[[ Data open ]]
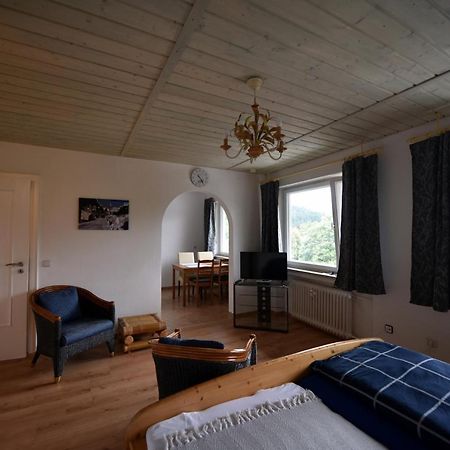 Ferienwohnung Osterfeld Гармиш-Партенкирхен Екстериор снимка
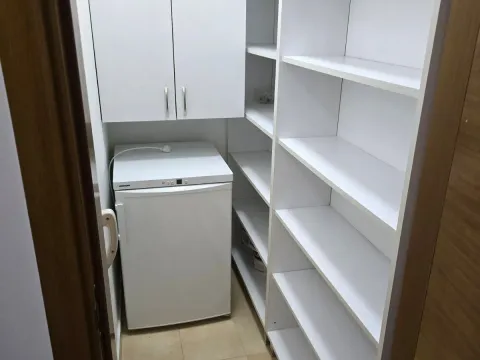 Izdavanje, dvosoban stan, 70m², Stari Aerodrom, Podgorica - image 12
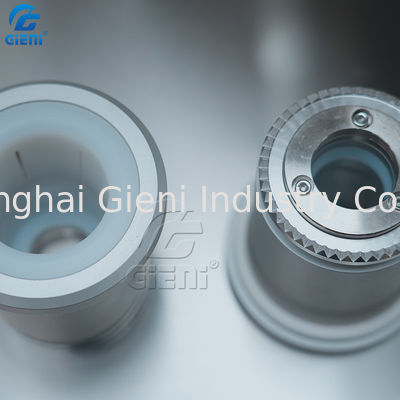 手のクリーム色の表面洗剤の歯磨き粉のプラスチック管の詰物および密封機械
[[ Data closed ]]
When you write out the material, keep every line exact and leave out each picture.

 Ferienwohnung Osterfeld Гармиш-Партенкирхен Екстериор снимка
 Izdavanje, dvosoban stan, 70m², Stari Aerodrom, Podgorica - image 12
 手のクリーム色の表面洗剤の歯磨き粉のプラスチック管の詰物および密封機械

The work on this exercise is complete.